WHAT THE EXERCISE ASKS: Of the lines in the material below, print only those from the one containing "Jessica Howard Green Floral High Low Dress" to the one containing "Tibi Tops - Tibi", ends included, exactly as written and without pictures.

WORKING DATA:
>>>

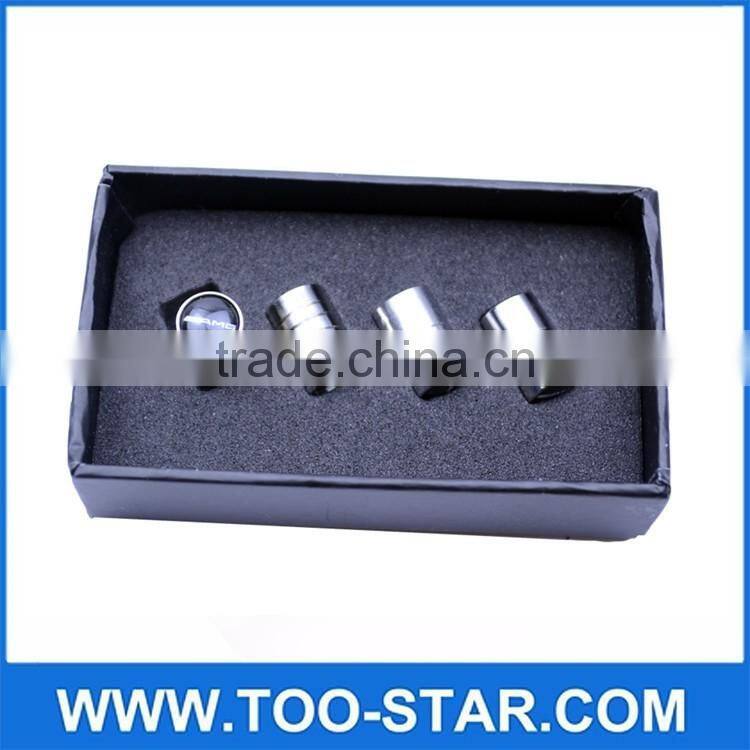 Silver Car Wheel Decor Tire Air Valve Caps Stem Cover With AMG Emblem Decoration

<<<
>>>

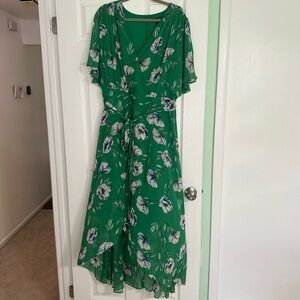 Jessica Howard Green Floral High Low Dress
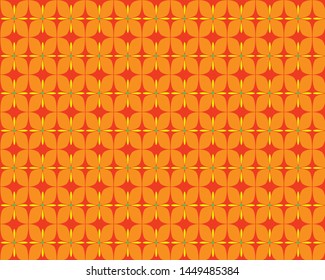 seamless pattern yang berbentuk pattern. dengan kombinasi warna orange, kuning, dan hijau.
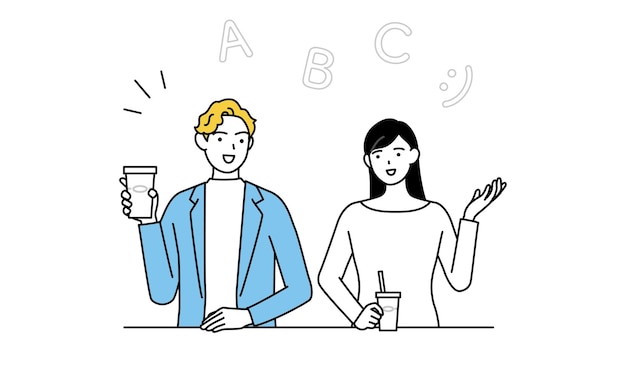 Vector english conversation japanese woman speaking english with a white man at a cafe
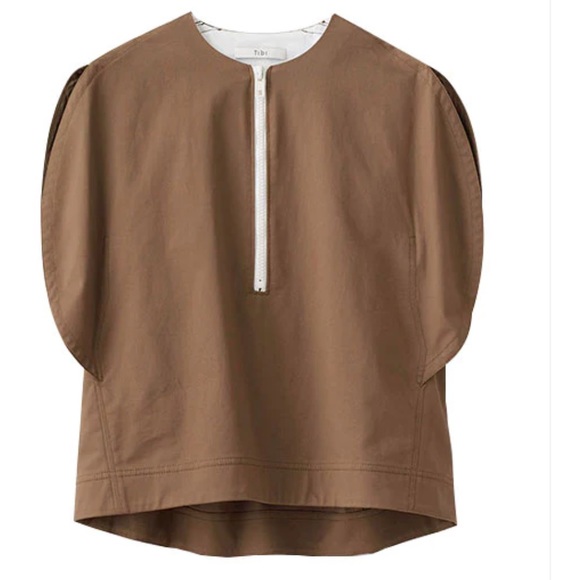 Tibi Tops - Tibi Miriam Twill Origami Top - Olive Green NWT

<<<
>>>

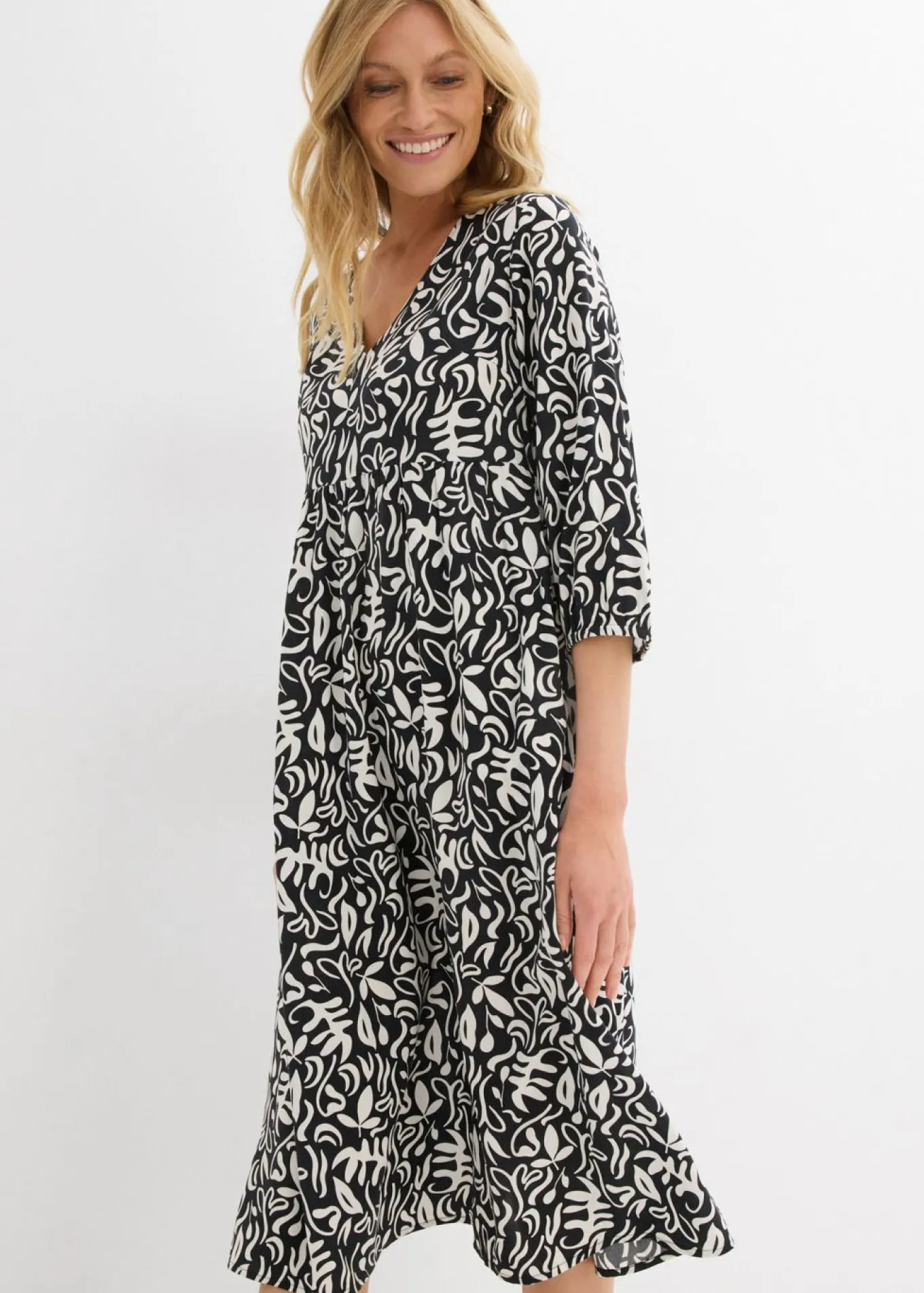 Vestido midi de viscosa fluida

<<<

SOLUTION BELOW:
 Jessica Howard Green Floral High Low Dress
 seamless pattern yang berbentuk pattern. dengan kombinasi warna orange, kuning, dan hijau.
 Vector english conversation japanese woman speaking english with a white man at a cafe
 Tibi Tops - Tibi Miriam Twill Origami Top - Olive Green NWT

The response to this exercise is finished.